Start of Data provided

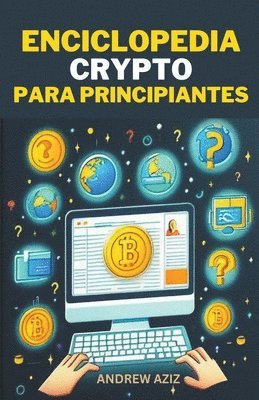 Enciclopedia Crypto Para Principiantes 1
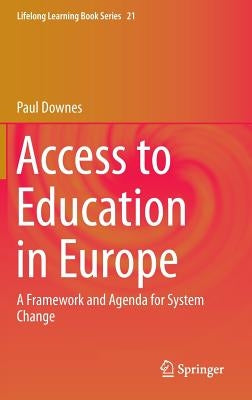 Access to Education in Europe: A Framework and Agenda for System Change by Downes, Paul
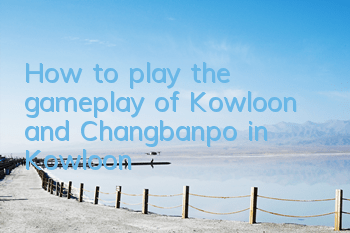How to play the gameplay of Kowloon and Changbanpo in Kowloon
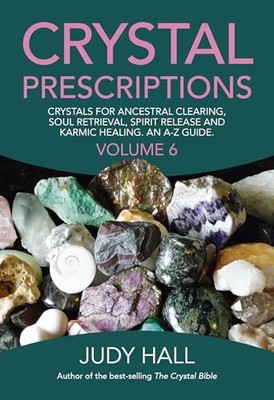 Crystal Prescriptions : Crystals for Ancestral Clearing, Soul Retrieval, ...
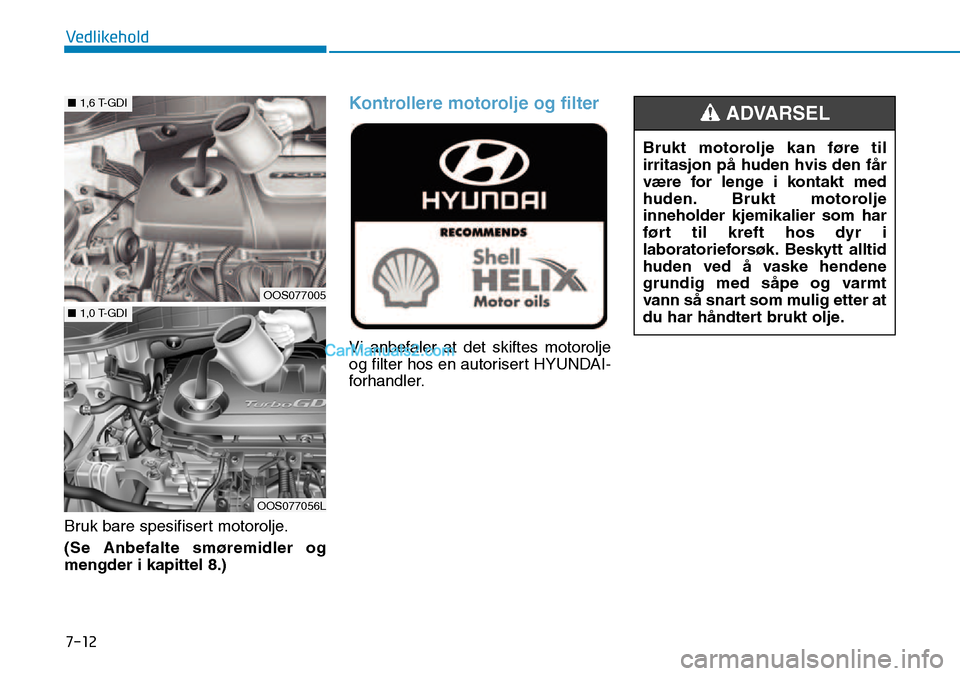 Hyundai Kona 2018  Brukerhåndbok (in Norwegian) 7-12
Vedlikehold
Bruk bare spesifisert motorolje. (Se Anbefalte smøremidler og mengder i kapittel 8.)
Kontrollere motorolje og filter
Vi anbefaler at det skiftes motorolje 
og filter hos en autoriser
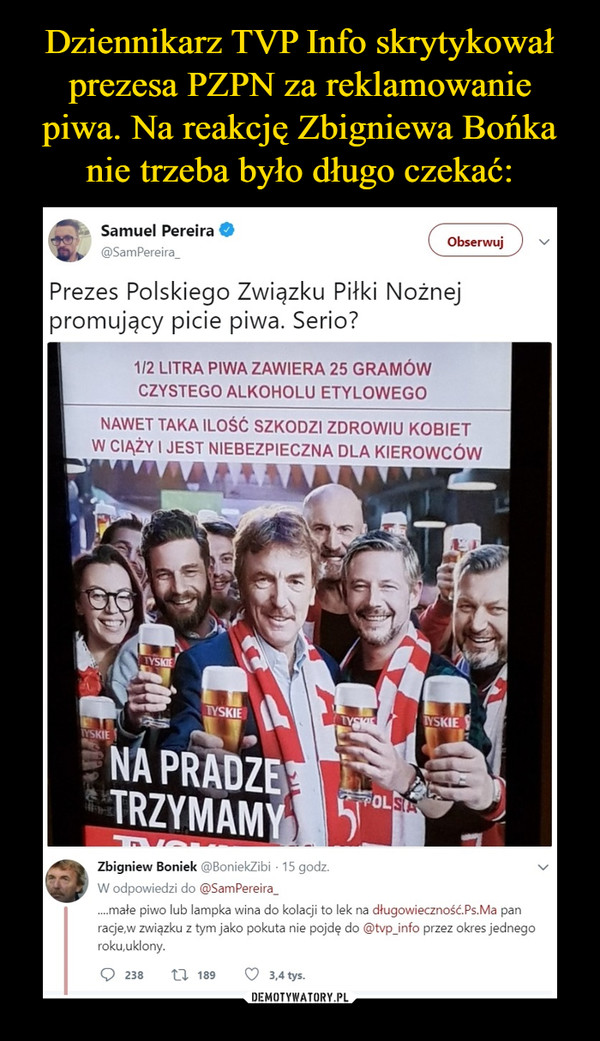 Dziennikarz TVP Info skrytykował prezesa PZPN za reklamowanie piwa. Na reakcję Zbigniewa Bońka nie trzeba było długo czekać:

End of Data provided

§ **Task objective**:
Only the lines that lie between the start of the listing and the line containing "Vedlikehold", both included, belong in the answer; write them out exactly and omit pictures.

§ **Solution**:
 Enciclopedia Crypto Para Principiantes 1
 Access to Education in Europe: A Framework and Agenda for System Change by Downes, Paul
How to play the gameplay of Kowloon and Changbanpo in Kowloon
 Crystal Prescriptions : Crystals for Ancestral Clearing, Soul Retrieval, ...
 Hyundai Kona 2018  Brukerhåndbok (in Norwegian) 7-12
Vedlikehold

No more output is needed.